Semi-supervised Learning Assumptions

The goal of semi-supervised classification is to improve classification using a large set of unlabelled observations, in our case unlabelled trips (Zhu and Goldberg 2009). This is based on the premise that the unlabelled trips contain patterns which can be related to different travel modes. van Engelen and Hoos (2019) describe three semi-supervised learning assumptions that are used in semi-supervised classification methods. For the mode classification problem we can formulate them as follows:

1. I.

   Smoothness: If two trips have similar cellpaths they are likely to have the same travel mode.

2. II.

   Manifold assumption: Even though cellpaths are high-dimensional, they lie on lower-dimensional structures in the feature space (manifolds). Cellpaths on the same manifold usually share the same travel mode.

3. III.

   Low-density: If there are many trips with similar cellpaths, they likely have the same travel mode. It follows that the decision boundary between travel modes should have few cellpaths close to it.

In addition to a large number of unlabelled trips that fulfil one of the above assumptions, semi-supervised classification also requires a small set of labelled trips. As labelled data are typically often not available in the case of cellular network data. Therefore, the semi-supervised methods presented in Sect. 4.2 make use of additional assumptions specific to cellular network data to obtain pseudo-labelled data:

1. IV.

   Geometric likelihood: Some trips can be classified likely using geometric classification and can thus be used as a set of pseudo-labelled trips.

2. V.

   Continuity: A labeled trip passing through cities A–B–C can be used as a training trip for OD-pair A–B.

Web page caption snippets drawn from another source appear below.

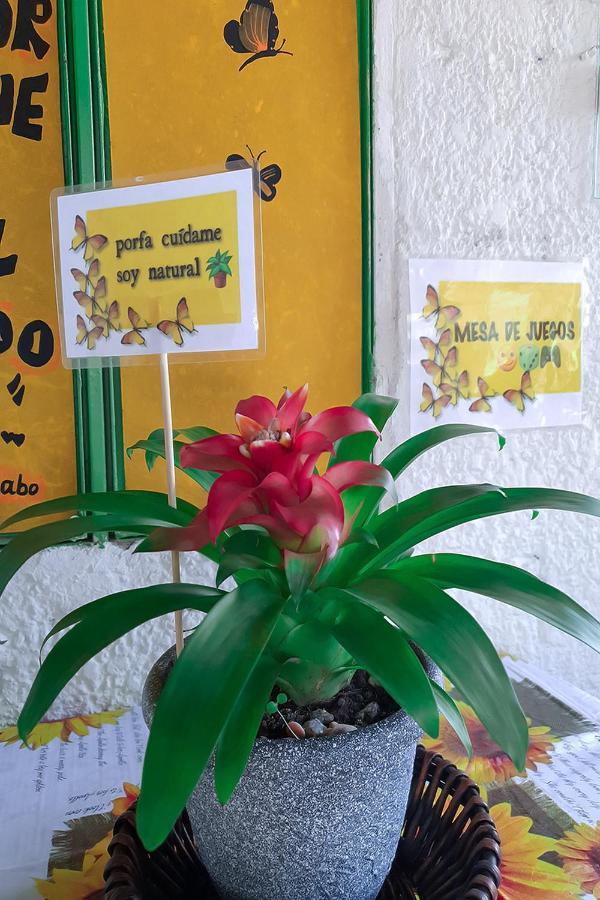 Hostal Gabo Bucaramanga Luaran gambar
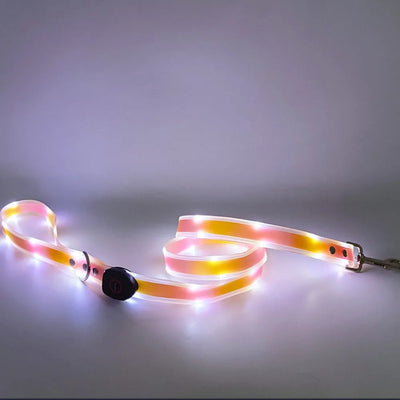 Collier et Laisse LED Lumineux pour Chien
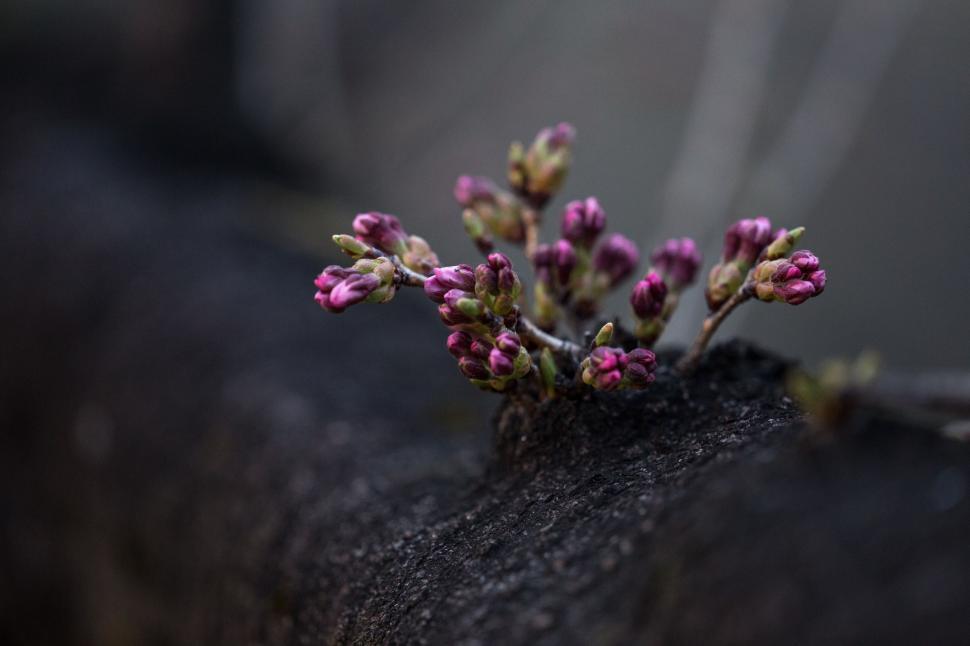 Free Image of Small Purple Flower Resting on a Rock 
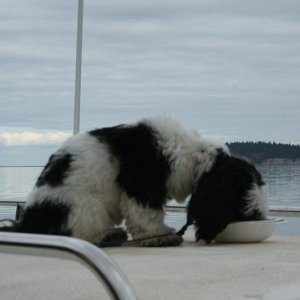 Sequim Bay 06 033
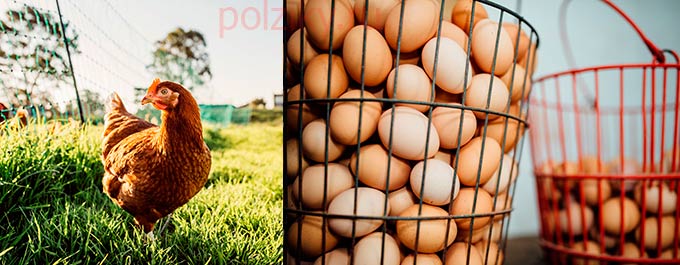 Что делать при нарушении яйцекладки курами несушками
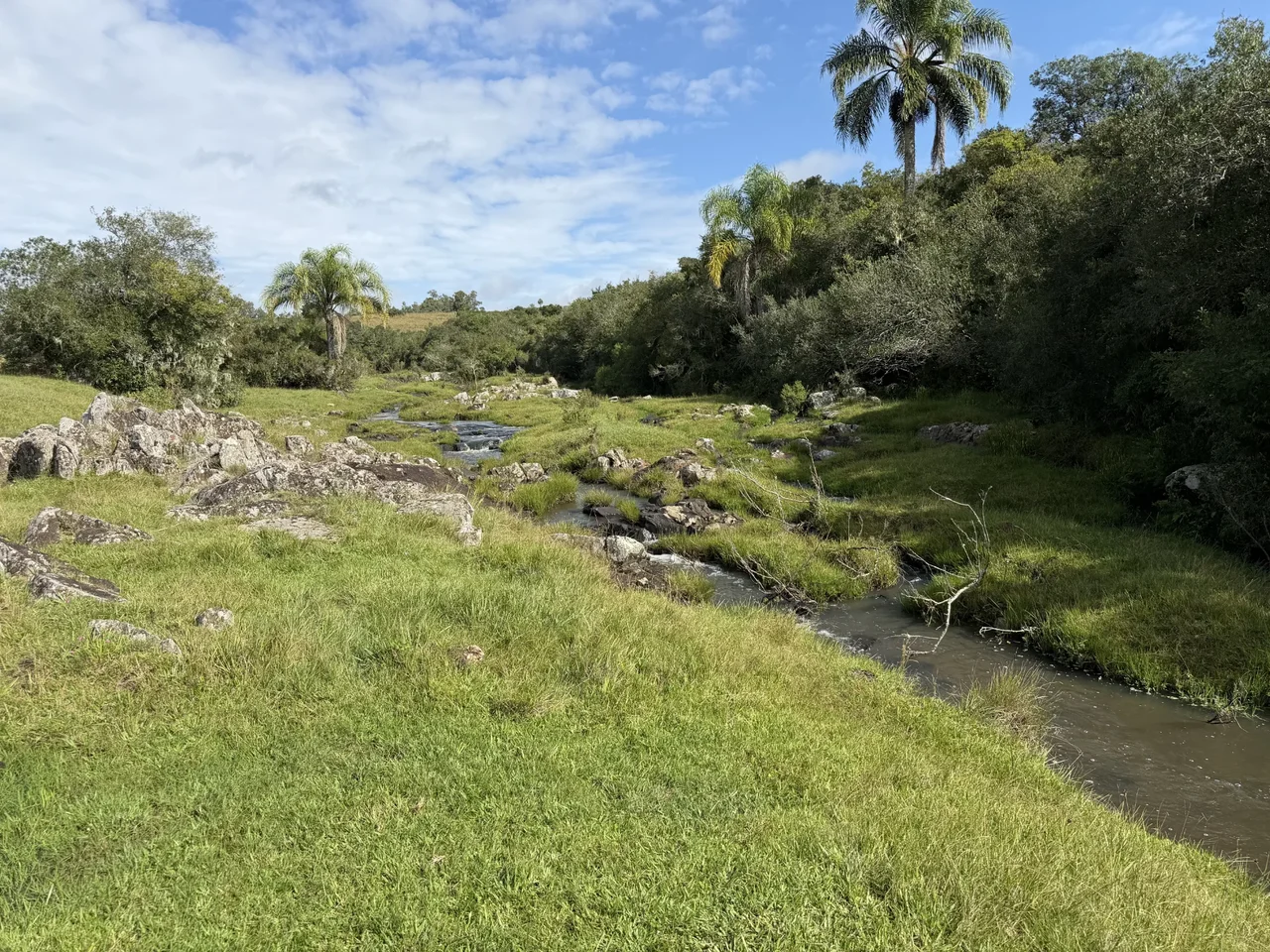 Foto del paseo Cañada Vichadero y alrededores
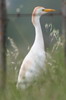 Hron garde-boeufs (Ardea ibis) - France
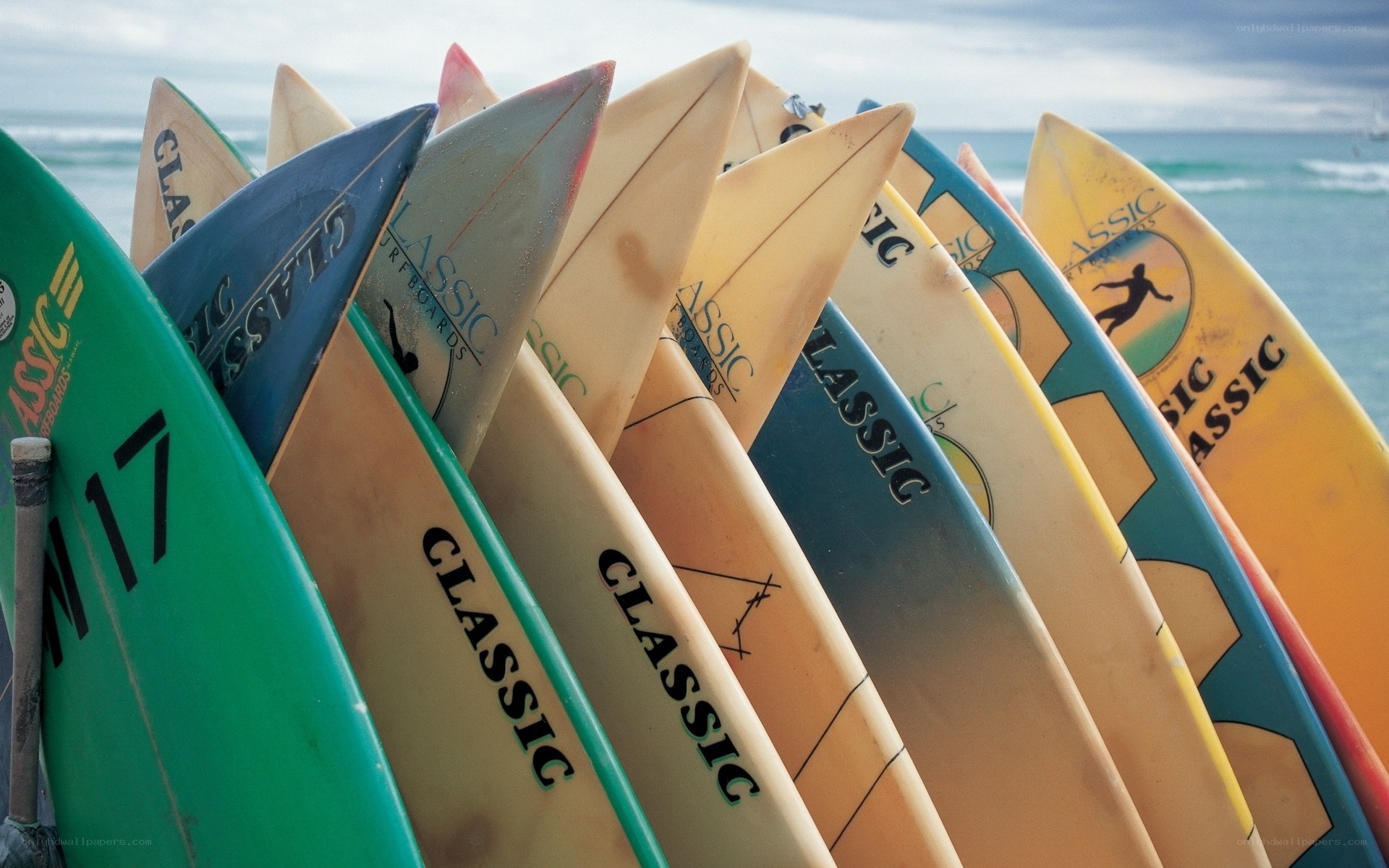 Surfboards lined up on the beach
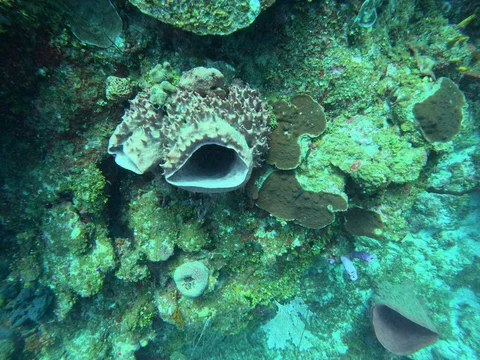 DCIM100GOPROGOPR0033.JPG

Assumption IV may not always hold, in particular, in challenging OD-pairs where the routes for different modes are spatially very close and thus no or few trips can be classified with high likelihood. In these cases, using Assumption V can be considered to obtain pseudo-labelled trips. It enables learning from trips in a different overlapping OD-pair that is easier to classify by transferring information from another OD-pair.

Semi-supervised Labelling

Fig. 2

Overview of the proposed mode classification methods using semi-supervised labelling

We present three semi-supervised mode classification approaches of inter-city trips extracted from cellular network data (see Fig. 2) using different semi-supervised labelling techniques. Following the taxonomy introduced by van Engelen and Hoos (2019) all three methods are inductive wrapper methods as they use an existing supervised method as part of the classification process. The methods are also using feature extraction as a method of unsupervised preprocessing.

Geometric-labelling (GL) is using geometric classification (see Sect. 3) to obtain a small set of pseudo-labelled trips out of the set of unlabelled trips \({\varvec{T}}_{O,D}\). Using Assumption IV, only trips classified likely are pseudo-labelled in this step (see Sect. 4.3). Feature extraction is then used to describe each trip using a small number of features instead of the complete high-dimensional cellpath (see Sect. 4.4) based on Assumption II. A supervised classification method (see Sect. 4.5) is trained exploiting Assumption I using the pseudo-labelled trips transformed to the lower-dimensional feature space. The trained supervised method finally classifies each trip by travel mode.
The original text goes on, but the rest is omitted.